[AI504] Class 02: Basic Machine Learning

이채연·2023년 2월 23일

AI504

목록 보기

4/28

Machine Learning Categories

🔗 Supervised Learning

input x를 output y로 mapping하는 function을 학습한다.
input과 output이 있는 것은 모두 supervised learning이라고 볼 수 있다.
Ex. Image classification, French-English translation, Image captioning

🔗 Unsupervised Learning

data X의 distribution/manifold function을 학습한다.
오직 data만 필요하고, label은 필요하지 않다.
Ex.
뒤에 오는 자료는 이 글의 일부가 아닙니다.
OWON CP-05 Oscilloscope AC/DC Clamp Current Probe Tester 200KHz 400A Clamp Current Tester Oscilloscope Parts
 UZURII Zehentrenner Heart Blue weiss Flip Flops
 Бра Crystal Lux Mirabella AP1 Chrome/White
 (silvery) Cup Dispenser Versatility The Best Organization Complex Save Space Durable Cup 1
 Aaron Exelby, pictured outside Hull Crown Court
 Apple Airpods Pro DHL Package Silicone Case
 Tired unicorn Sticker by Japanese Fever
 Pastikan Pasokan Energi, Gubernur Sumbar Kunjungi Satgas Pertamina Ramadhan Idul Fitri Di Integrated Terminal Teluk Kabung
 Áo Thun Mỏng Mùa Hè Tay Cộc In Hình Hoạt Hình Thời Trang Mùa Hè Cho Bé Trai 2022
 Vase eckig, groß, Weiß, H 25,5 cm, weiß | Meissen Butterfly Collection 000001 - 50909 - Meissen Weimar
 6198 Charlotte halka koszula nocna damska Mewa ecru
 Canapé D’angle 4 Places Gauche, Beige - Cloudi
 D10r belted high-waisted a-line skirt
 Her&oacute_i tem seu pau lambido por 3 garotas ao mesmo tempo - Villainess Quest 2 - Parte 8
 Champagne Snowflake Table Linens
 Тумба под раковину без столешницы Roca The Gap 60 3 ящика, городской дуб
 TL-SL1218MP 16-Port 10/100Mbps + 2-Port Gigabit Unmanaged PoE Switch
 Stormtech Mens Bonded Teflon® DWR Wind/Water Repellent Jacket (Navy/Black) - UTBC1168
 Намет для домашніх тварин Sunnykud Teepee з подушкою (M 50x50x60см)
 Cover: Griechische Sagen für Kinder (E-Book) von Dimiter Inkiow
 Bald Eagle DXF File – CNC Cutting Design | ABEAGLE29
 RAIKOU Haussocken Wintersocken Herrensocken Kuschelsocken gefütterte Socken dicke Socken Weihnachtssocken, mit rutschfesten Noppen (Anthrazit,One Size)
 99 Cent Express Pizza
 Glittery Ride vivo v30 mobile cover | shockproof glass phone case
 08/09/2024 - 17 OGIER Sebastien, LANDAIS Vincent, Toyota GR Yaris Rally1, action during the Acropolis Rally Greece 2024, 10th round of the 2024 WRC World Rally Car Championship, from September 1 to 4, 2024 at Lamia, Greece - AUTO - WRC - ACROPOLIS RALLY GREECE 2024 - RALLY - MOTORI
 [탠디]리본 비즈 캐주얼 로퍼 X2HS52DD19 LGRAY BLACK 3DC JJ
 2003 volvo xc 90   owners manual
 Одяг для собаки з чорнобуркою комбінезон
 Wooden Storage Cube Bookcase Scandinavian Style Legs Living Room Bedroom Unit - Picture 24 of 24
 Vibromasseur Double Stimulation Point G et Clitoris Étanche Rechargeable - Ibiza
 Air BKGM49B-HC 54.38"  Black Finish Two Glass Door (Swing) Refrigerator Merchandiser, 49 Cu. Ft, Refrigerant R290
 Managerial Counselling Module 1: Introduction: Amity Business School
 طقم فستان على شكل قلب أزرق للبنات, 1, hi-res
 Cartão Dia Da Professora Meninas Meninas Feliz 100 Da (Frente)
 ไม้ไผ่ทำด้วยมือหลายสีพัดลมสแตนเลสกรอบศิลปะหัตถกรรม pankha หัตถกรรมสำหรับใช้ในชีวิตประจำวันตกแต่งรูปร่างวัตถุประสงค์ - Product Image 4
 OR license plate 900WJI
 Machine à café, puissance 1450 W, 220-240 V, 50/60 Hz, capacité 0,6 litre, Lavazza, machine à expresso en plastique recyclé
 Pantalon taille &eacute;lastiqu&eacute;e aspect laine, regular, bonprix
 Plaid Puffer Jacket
Clustering, Low-rank matrix factorization, Kernel density estimation

🔗 Reinforcement Learning

세 개의 component가 있다.
- environment E
- a set of actions A
- (long-term)reward R
agent/machine이 E에서 지내면서 A를 수행한다. 그리고 R을 받는다. Reinforcement Learning은 R을 maximize하는 function을 학습하는 것이다.
Ex. Go, Atari, Self-driving car
⭐️ data는 없다.

셋 다 learning이 붙는다. 함수/모델을 학습하기 때문이다. data를 사용하여 함수/모델을 학습한다. 그래서 statistical machine learning이라고 부른다.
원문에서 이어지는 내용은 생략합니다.